Updike, who succeeded in “giving the mundane its beautiful due”, will be missed by many. And as one born under the mark of Martin Amis, I can’t help but think there should be a place for an era-defining novel like Money. There’s a pang, too, for McEwan’s Atonement, which held me in its spell as fervently as LP Hartley’s 1953 The Go-Between (to which it owes a debt), which scrapes in at 99. Maybe these writers are just too recent: Amis only died in 2023, after all.

Graham Greene
Graham Greene’s devastating 1951 novel The End of the Affair makes it in. Photograph: Harold Chapman/TopFoto

The same might be true of the now unfashionable postwar writers: there’s no CS Lewis, William Golding or Tolkien (The Lord of the Rings was the nation’s favourite in the BBC’s Big Read). No Angela Carter, Penelope Fitzgerald or Iris Murdoch. But this is bearable because Muriel Spark’s peerless The Prime of Miss Jean Brodie and Graham Greene’s The End of the Affair – two sticks of dynamite – both make the grade. As does Australian Shirley Hazzard’s The Transit of Venus, which took her 27 drafts, apparently, and may take as many readings to fully understand.

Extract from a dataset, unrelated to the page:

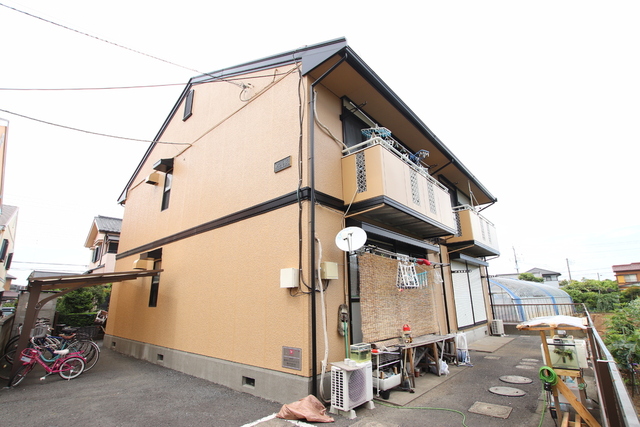 セジュールケイＡ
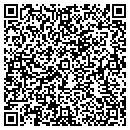 QR code with Maf Imports contacts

But where is Nancy Mitford’s glittering 1945 The Pursuit of Love, which deserves a place for its last two lines alone? The comic novel, like science fiction and crime, rarely fares well in bookish horse races. Patricia Highsmith makes the cut, but not John le Carré – or Stephen King, for that matter. Happily, for her devoted fans, Ursula K Le Guin is recognised for The Left Hand of Darkness, with which, according to the critic Harold Bloom, “Le Guin, more than Tolkien, has raised fantasy into high literature, for our time”. There are no children’s novels, either – no Wind in the Willows, Charlotte’s Web or Harry Potter. It is a very grown-up list.

“Best” demands not just excellence but supremacy, “surpassing all others” (OED). Is The Handmaid’s Tale better than Little Women (not in), both seminal feminist texts? Is The Color Purple better than To Kill a Mockingbird (another surprise omission)? Is David Copperfield better than The Catcher in the Rye (ditto)? Clearly there is no right answer.

Who might be on a list in 2036? A writer from the past who deserves more recognition – Nella Larsen, perhaps; someone who is rejuvenating the form for a modern readership – Sally Rooney, say; or those rewriting history from a different perspective, such as Colson Whitehead and Percival Everett. And perhaps an as yet unknown Mary Ann Evans (George Eliot’s real name), toiling over a Middlemarch for our century.

Until then, this is a list of the best novels of all time, chosen by many of the best writers of our time. I hope your favourites are here. Lists are designed to inspire and enrage. And if you hate them all, don’t blame me, blame David Nicholls or Stephen King.